Would you please set down the data again exactly as given, excluding the pictures?

>>>

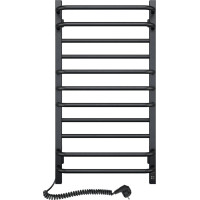 Navin El.rank&scaron;luosčių džiovintuvas Navin Grandis  480*800 Sensor su laikmačiu kairė juodas 12-208153-4880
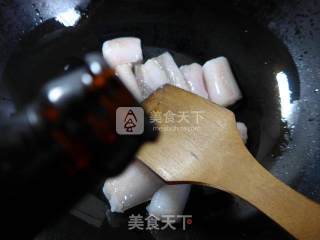 Shrimp Boiled Rice Cake recipe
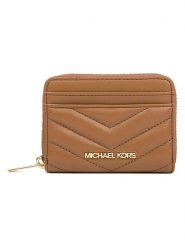 Michael Kors Portfel w kolorze karmelowym - 12 x 9 x 2 cm rozmiar: onesize. Brązowe portfele damskie Michael Kors, bez wzorów, z materiału. Za 344.54 zł.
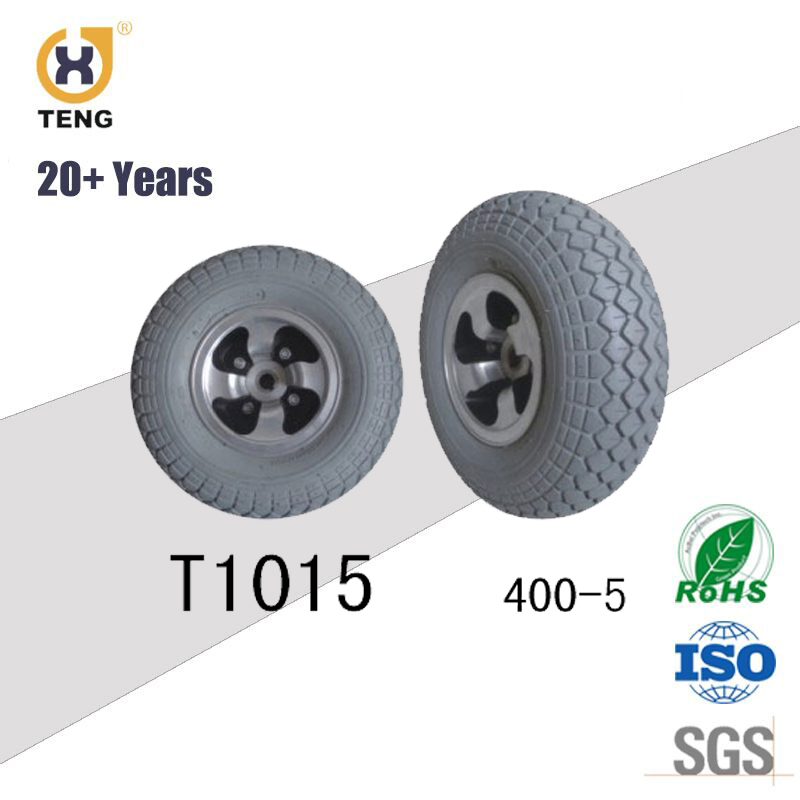 PU Foam Wheel for Cart 4.10/3.50-5 Flat Free Tire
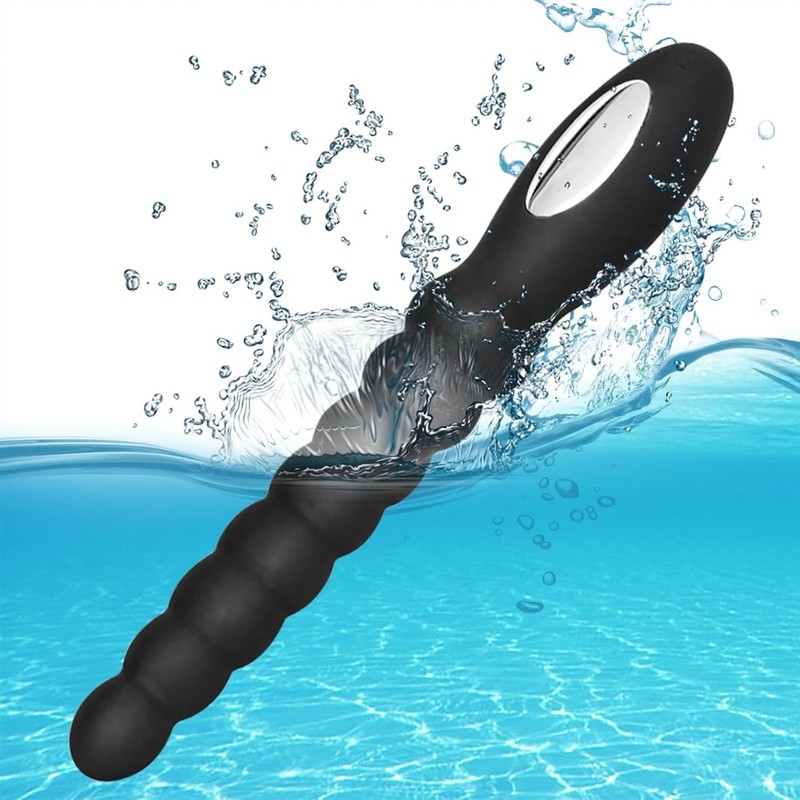 USB Rechargeable Anal Vibrator with Multiple Settings for Intense Satisfaction gallery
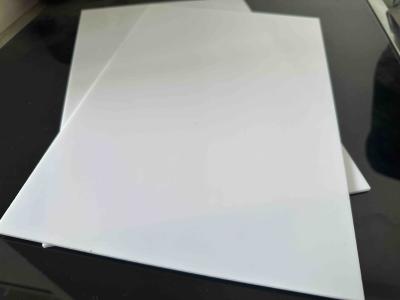 Κίνα White polystyrene sheet porcelain white PS panel UV printing PS plastic sheets προς πώληση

<<<

### Solution below
 Navin El.rank&scaron;luosčių džiovintuvas Navin Grandis  480*800 Sensor su laikmačiu kairė juodas 12-208153-4880
 Shrimp Boiled Rice Cake recipe
 Michael Kors Portfel w kolorze karmelowym - 12 x 9 x 2 cm rozmiar: onesize. Brązowe portfele damskie Michael Kors, bez wzorów, z materiału. Za 344.54 zł.
 PU Foam Wheel for Cart 4.10/3.50-5 Flat Free Tire
 USB Rechargeable Anal Vibrator with Multiple Settings for Intense Satisfaction gallery
 Κίνα White polystyrene sheet porcelain white PS panel UV printing PS plastic sheets προς πώληση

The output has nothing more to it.